**YOUR TASK**
Copy, word for word, the line containing "Portail battant en" and each line that follows it in the entries below; pictures do not belong in the copy.

**DATA UNDER STUDY**
______________________________
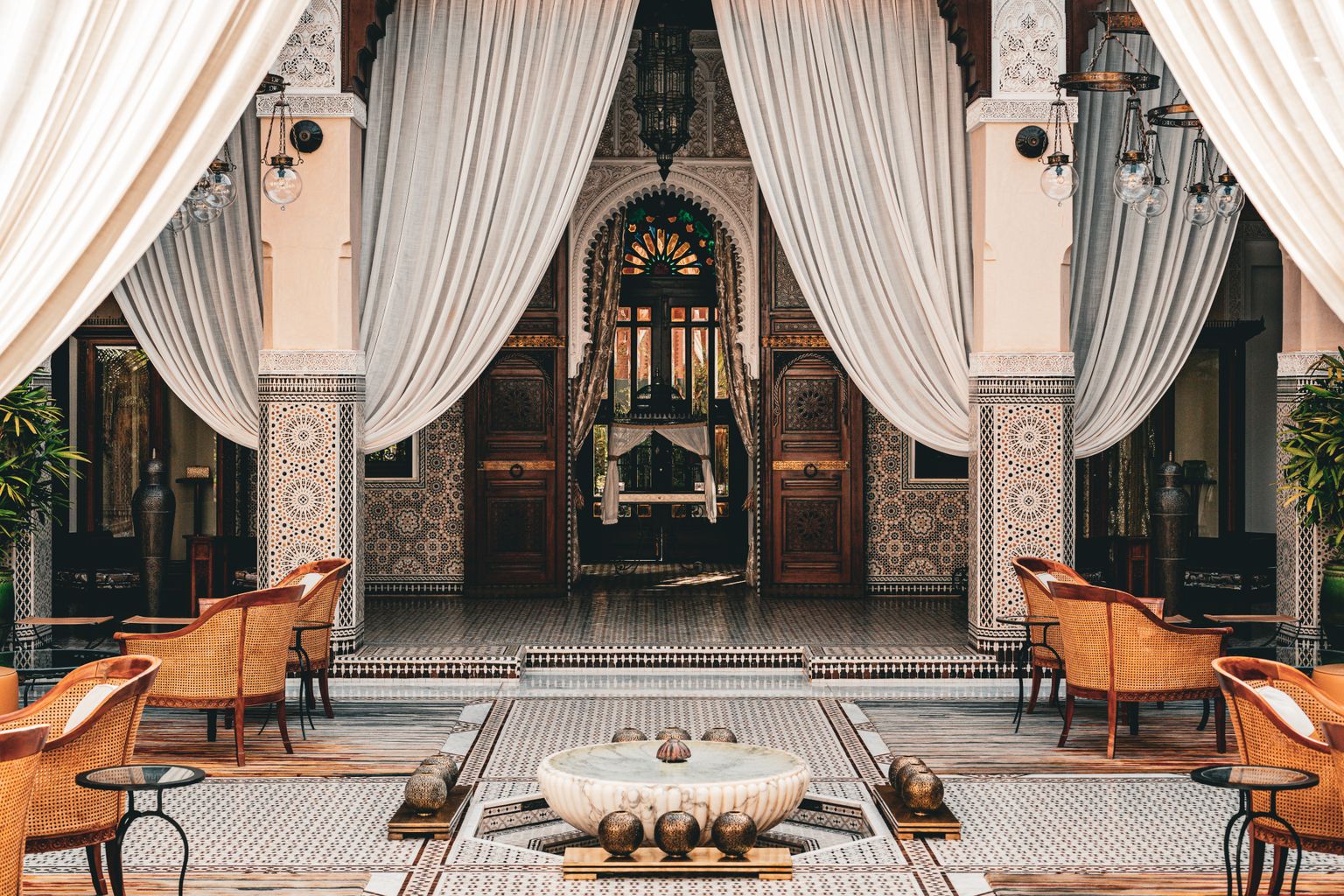 Shaded Moroccan courtyard with zellige tilework, carved cedar doors, white drapes and a marble fountain at its centre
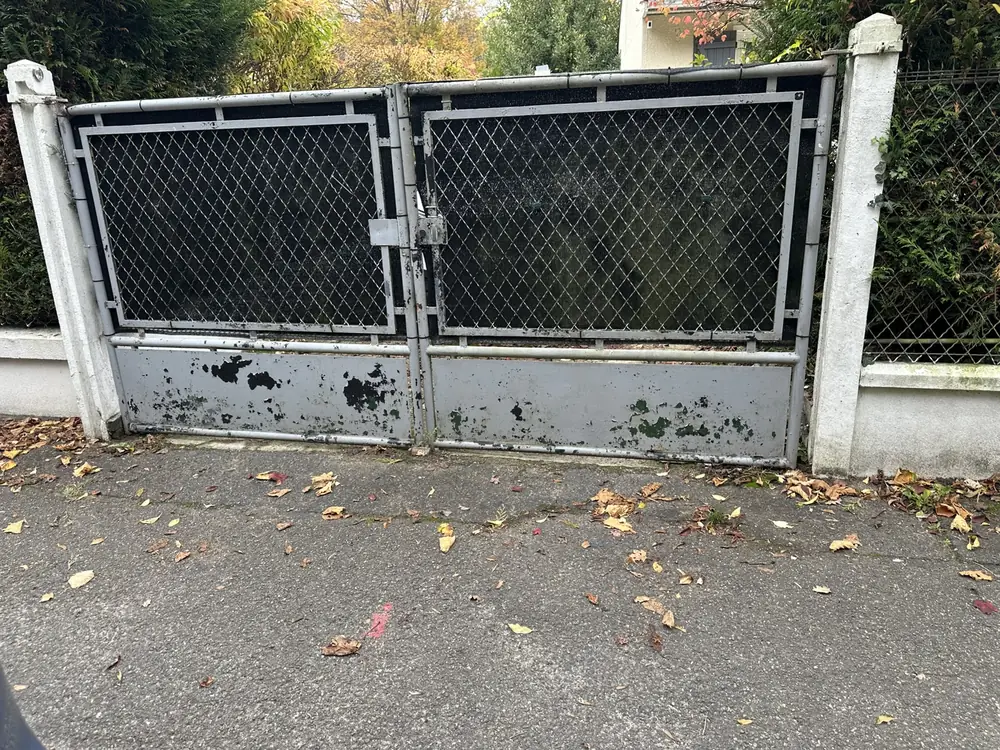 Portail battant en acier à panneaux grillagés, peinture écaillée, avant remise en état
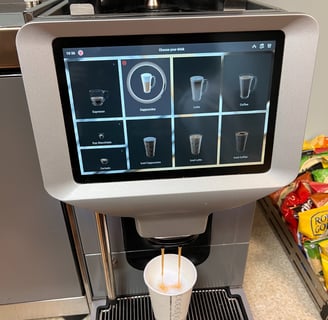 Egro touchscreen espresso machine preparing cappuccino in a self-service station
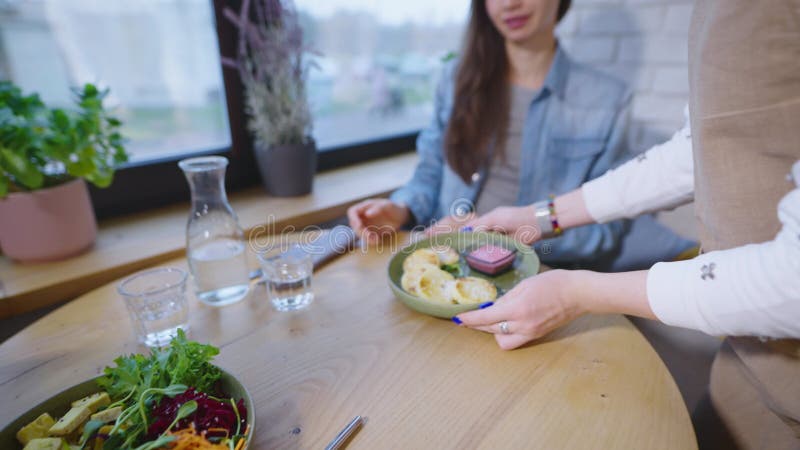 Il cameriere in un caffè accogliente ha portato un piatto vegetariano per un paio di visitatori. lo staff serve un uomo e una donn archivi video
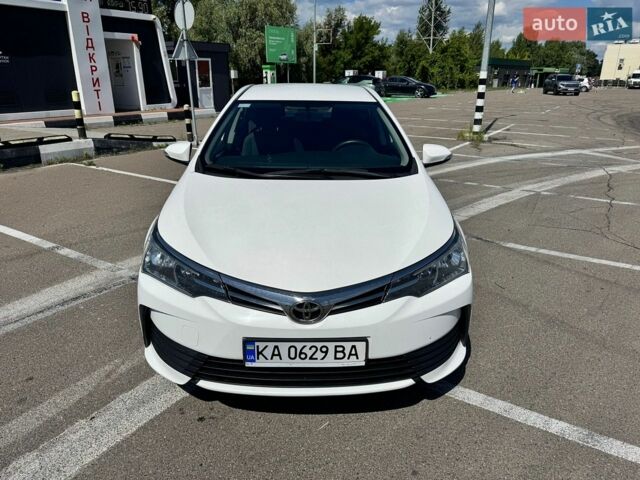 Білий Тойота Королла, об'ємом двигуна 1.6 л та пробігом 129 тис. км за 11500 $, фото 1 на Automoto.ua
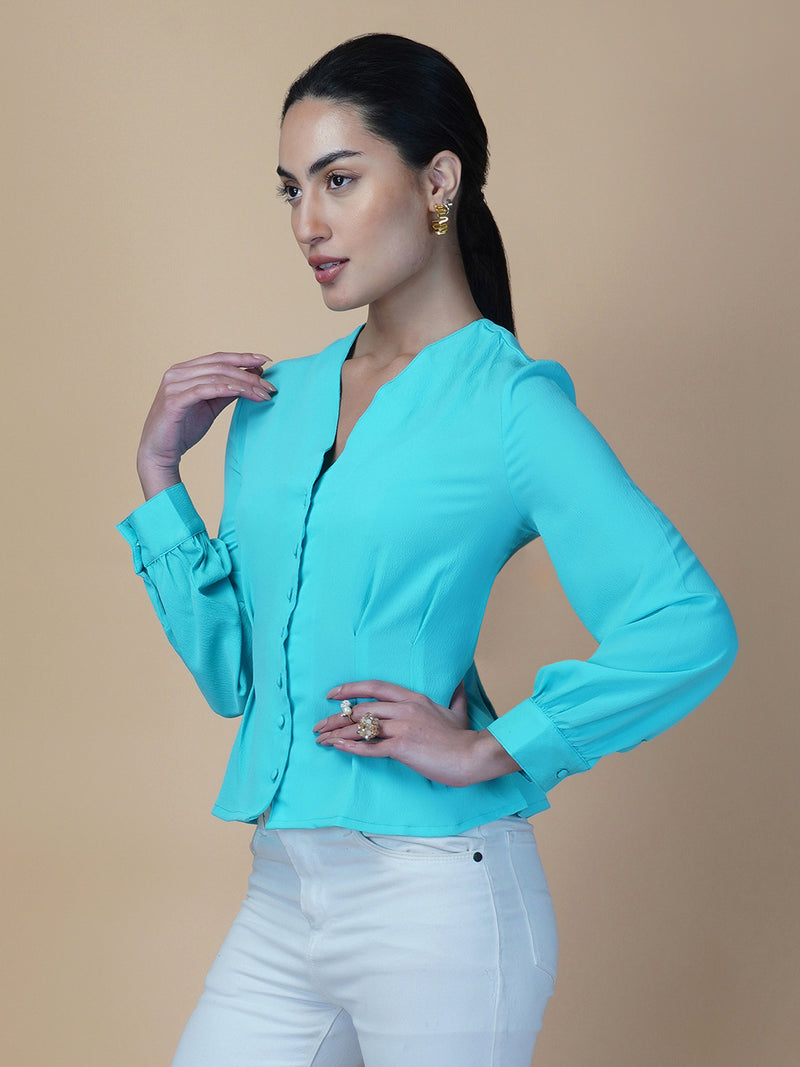 Turquoise color waist pleated women's top with full sleeves is a stylish and fashionable choice for women who want to add some color and texture to their wardrobe. Turquoise is a vibrant and eye-catching color that can help you stand out in a crowd, while the waist pleats add a unique and flattering touch to the design.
______________________________
**ANSWER SECTION**
 Portail battant en acier à panneaux grillagés, peinture écaillée, avant remise en état
 Egro touchscreen espresso machine preparing cappuccino in a self-service station
 Il cameriere in un caffè accogliente ha portato un piatto vegetariano per un paio di visitatori. lo staff serve un uomo e una donn archivi video
 Білий Тойота Королла, об'ємом двигуна 1.6 л та пробігом 129 тис. км за 11500 $, фото 1 на Automoto.ua
 Turquoise color waist pleated women's top with full sleeves is a stylish and fashionable choice for women who want to add some color and texture to their wardrobe. Turquoise is a vibrant and eye-catching color that can help you stand out in a crowd, while the waist pleats add a unique and flattering touch to the design.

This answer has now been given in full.